Your first component that was "special"


I got into hifi 40 years ago. I had a Pioneer receiver, Kenwood table, various entry level cartridges (ADC, Stanton, Empire) and Studio Design speakers. I wound up buying a Shure V15 Type 3 cartridge. That was the first piece of gear I bought that was way beyond ordinary. I had kept the cartridge until about 2o years ago- I sold it because by then no decent replacement stylus was available. Wish I still had it.

128x128zavato
Bang & Olufsen RX turntable when I was 21 years old back in 1982.  So cool looking    
Like vicweast and inna mentioned, my choice would be my Nakamichi 581Z cassette deck.  It wasn't the most reliable deck that Nakamichi ever designed and it spent quite a bit of time at the factory service facility in California in the '80s and '90s.  But when it was at the top of its' game it never ceased to amaze me with its' ability to make virtual carbon copies of my treasured vinyl collection.

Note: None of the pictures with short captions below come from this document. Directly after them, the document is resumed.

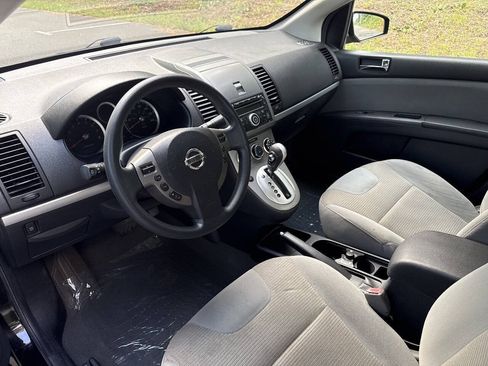 Used 2011 Nissan Sentra 2.0 SR FWD image 11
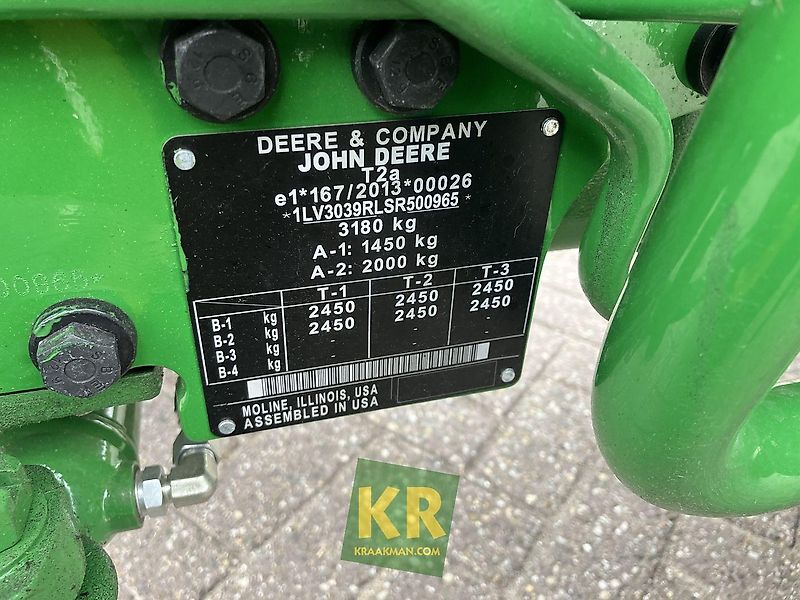 John Deere 3039R #694696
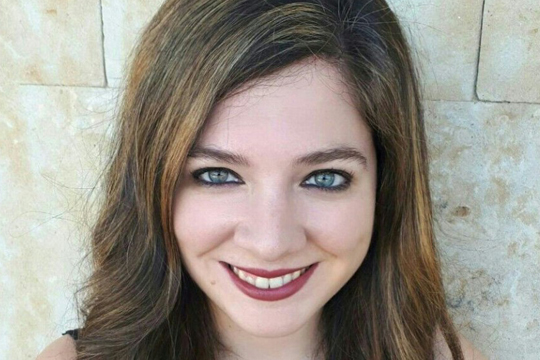 Un mundo de escritoras: VICTORIA &Aacute;LVAREZ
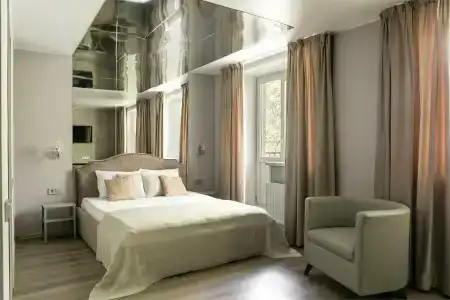 Room12 - 63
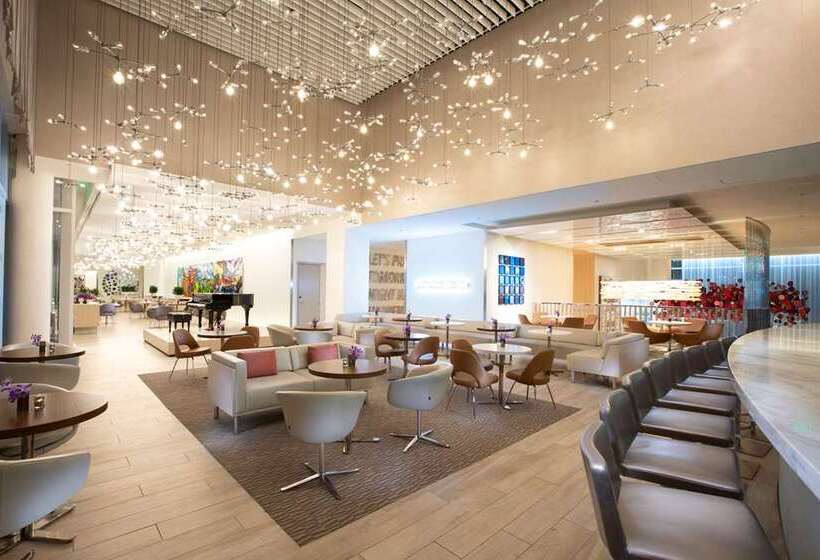 Hall Arts Hotel, Dallas, Curio Collection By Hilton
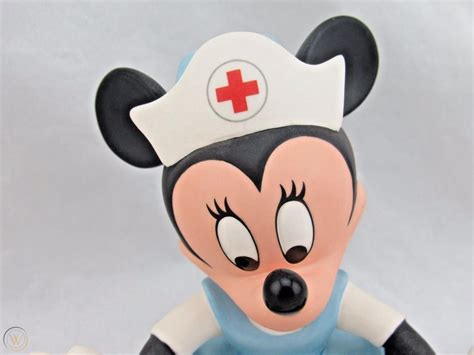 Wdcc Student Nurse Minnie Mouse From Disneys First Aiders In Box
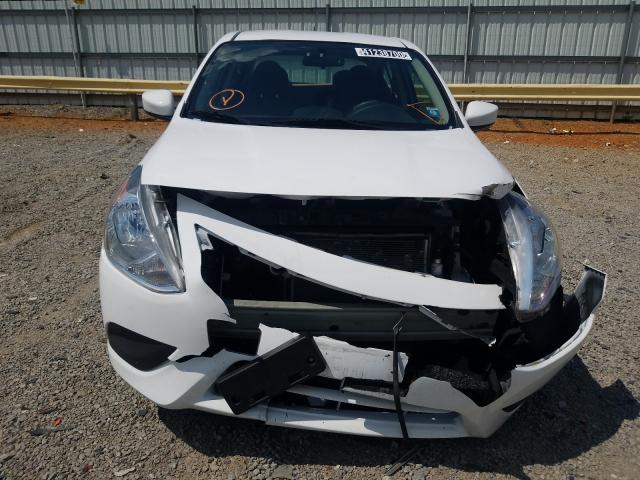 Photo 8 VIN: 3N1CN7AP4JL885815 - NISSAN VERSA S 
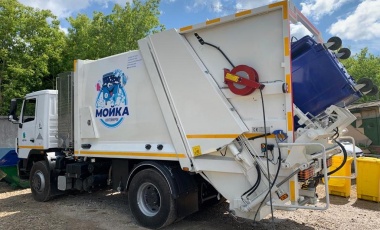 Автопарк «Хартии» пополнился мусоровозом с функцией мойки контейнеров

Over the years I made hundreds of tapes with it thus greatly reducing the wear 'n tear on my favorite LPs'.  

It's long gone but I have a Nak DR-2 that's far less fussy and the tapes recorded on the 581Z sound just as good when played on the DR-2.  FWIW, I'll always have a Nak deck in my system.

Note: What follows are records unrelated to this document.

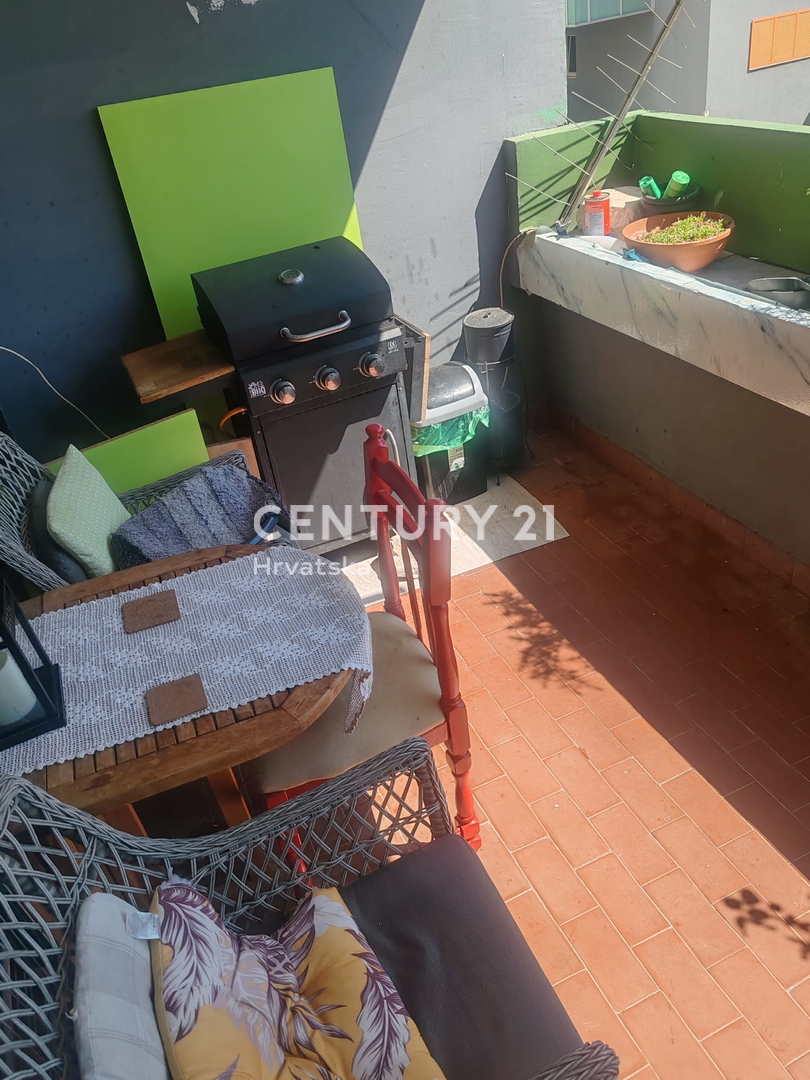 Šibenik - dvosobno stanovanje z razgledom na morje - center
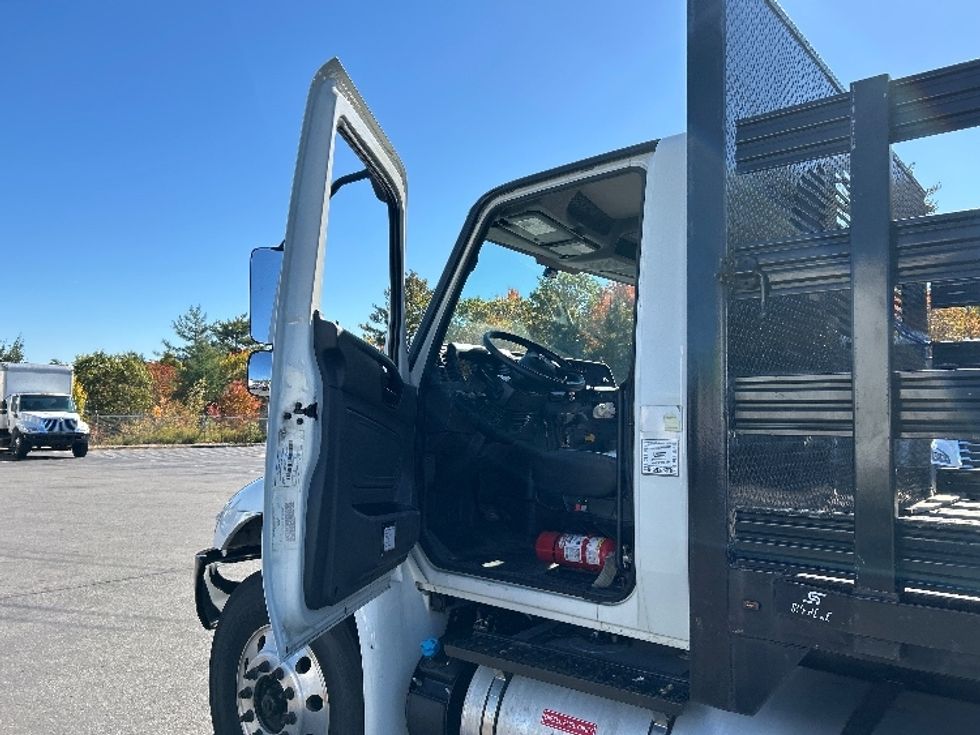 Flatbed Truck-Light and Medium Duty Trucks-International-2020-MV607-Londonderry-NH-155,716\n\t\tmiles-$ 46,500 - Image 16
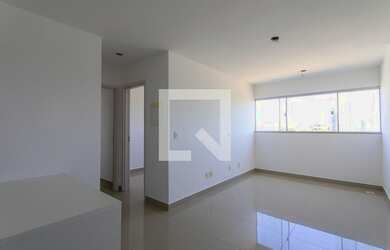 Imagem: O apartamento possui 2 Dormitórios, 2 Banheiros, 2 Vagas na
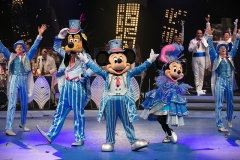 Mickey, Minnie und Goofy mit Tänzern auf der Bühne bei Mickey's Big Band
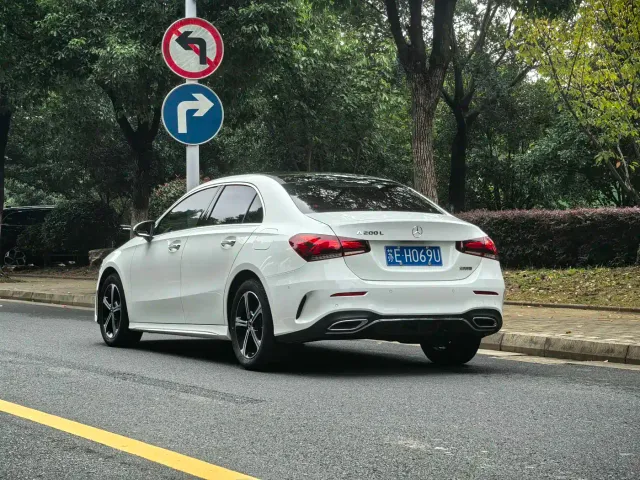 Mercedes-Benz A-Class — Фото автомобиля 12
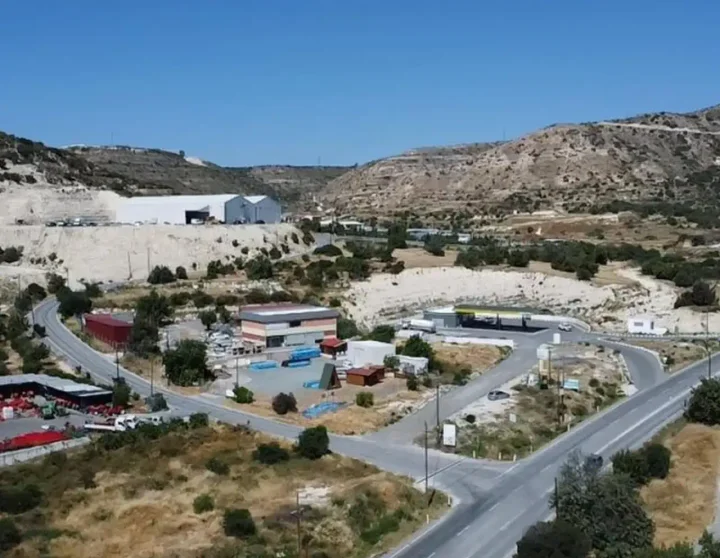 Warehouse 400 m² for rent in Limassol, Paramytha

Hifijones, exactly. I have some very valuable to me records that are almost impossible to find. Accidents aside, no record with any turntable set-up will tolerate so many plays. As I said somewhere else here, I have one Maxell Vertex tape that I played at least 500 times, and dozens more with 200-300 plays on them. The same sound, no bleeding thru or anything. Now, despite using best tape and over $1k interconnect, my tuned and aligned deck cannot fully compete with Nottingham turntable but it is not far and with some recordings very close. One day I will have high end two track reel to reel deck in the system as the main source but I will keep the Nakamichi as well.